働きやすさは「合理的な武器」に ハンズラボの長谷川流ワークスタイル改革(1/2 ページ)
デジタル改革を推進する武闘派CIOとして知られるハンズラボの長谷川秀樹氏。昼夜を問わずに働くタイプだった同氏が働き方改革を意識するようになったきっかけとは。
東急ハンズの執行役員 オムニチャネル推進部長である長谷川秀樹氏は、2008年にアクセンチュアから同社に転じて以来、売り場の社員をエンジニアとして育て、業務システムの内製化を推進したり、小売業向けのシステムを専門に開発するハンズラボを設立したり、ITによる改革を推進してきた。その過程で、エンジニアの働きやすさや生産性の向上も追求している。
ITmedia エンタープライズとITmedia ビジネスオンラインの共催で行われたセミナー、「勝ち組企業に学ぶ 『“イノベーションの武器”としてのワークスタイル変革』」で、長谷川氏が「従業員と経営の両方にとって都合の良いワークスタイルとは」と題して語った内容を紹介する。
長時間労働をいとわなかった、若きコンサルタント時代
外資系コンサルティング会社というと、昼夜を問わずに働くタフなイメージがある。新卒でアクセンチュアに入社した長谷川氏も、やはり長時間労働をいとわないタイプだった。
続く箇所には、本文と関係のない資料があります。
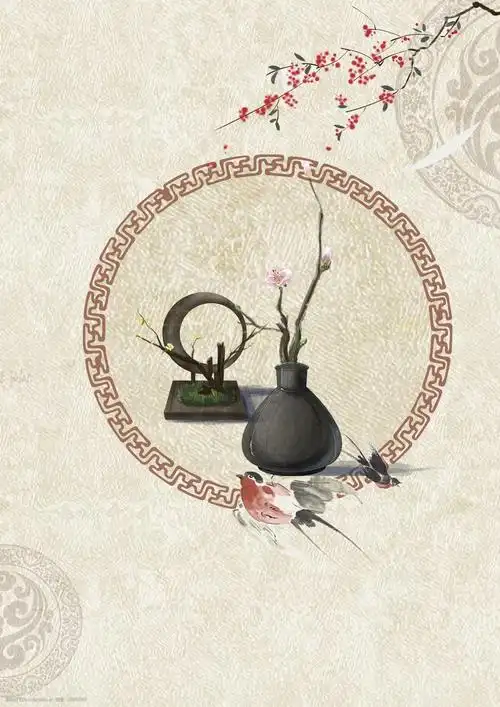 关键词:中国风工笔画插画海报背景 中国风 工笔画 简约 花 飞鸟 古代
「20代の頃は、先輩が土曜日に出社するのに『お前は出なくていいよ』と言われたら、『不公平だ。俺も出させろ!』と食ってかかるようなタイプでした(笑)。働いた分、先輩だけがスキルアップをしていくのはずるいと思っていたんですね」
しかし今は、働く時間の長さと優秀さは比例するものではなく、なるべく短い時間で生産性を上げるのが良いと考えるようになった。同氏が社長を務めるハンズラボでは、ほとんど残業のない労働環境を実現しており、有給休暇の100%消化を強力に推進している。
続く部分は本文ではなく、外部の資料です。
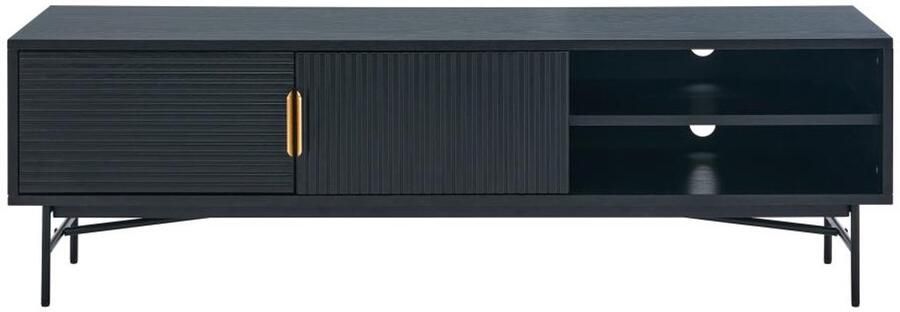 Vente-unique Tv-meubel met 2 deurtjes en 2 vakken in eikenfineer en metaal Zwart en goudkleurig SIRIOLA L 160 cm x H 50 cm x D 40 cm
そんな“ホワイトな”経営者になるに至った背景には、アクセンチュア時代の英国での経験があったという。欧州諸国の労働時間は、統計的にも日本と比べて短いが、同じ会社のプロジェクトでも「国が変わるとここまでやり方が違う」ということを、長谷川氏は身をもって知ったのだ。
英国赴任で身についた“残業しない”働き方
まず驚いたのは、有給休暇に対する意識の違いだという。会議で進ちょくの遅れを指摘されたチームリーダーが「私、来週はバケーションでいないんです」と平然と答え、プロジェクトマネジャー(PM)も「それなら仕方ない」と他のメンバーに協力を要請する――そんな場面を見て、「休暇に対する権利意識」が大きく違うと感じたそうだ。
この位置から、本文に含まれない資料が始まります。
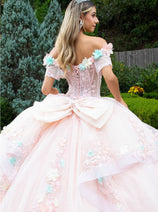 3D Floral Off Shoulder Ball Gown by GLS Gloria GL3554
日々の労働時間に対する考え方も、日本のシステム開発の現場とは全く違っていた。プロジェクトに入ったばかりの日本人が「最初だからやる気を見せよう」とちょっと残業をしたら、PMが飛んできて怒ったのだ。「入ったばかりのメンバーに残業するほど仕事があるはずはない。何をやっているんだ!」と問われたのだが、PMがそこまでナーバスになるのには、理由があった。日本でシステム開発の費用を見積もる場合、必要な工数を出し、さらに残業分も見込んで人件費を計算することがほとんどだろう。だが、英国のプロジェクトでは、「残業はない」という前提で見積もりされていたのだ。
「見積もりには、バッファはスケジュールに入れているとしても、残業をする前提での時間チャージは組み込まれていない。そりゃ、PMが飛んできて怒りますよね。残業したら赤字になるわけですから」
最初は「そんなんでプロジェクトは回るんかい!」と驚いた長谷川氏だが、日中に集中して仕事をし、時間になったらスパッとやめてプライベートを楽しむという欧州流の良さが分かるようになり、帰国後も残業をしない働き方が定着したという。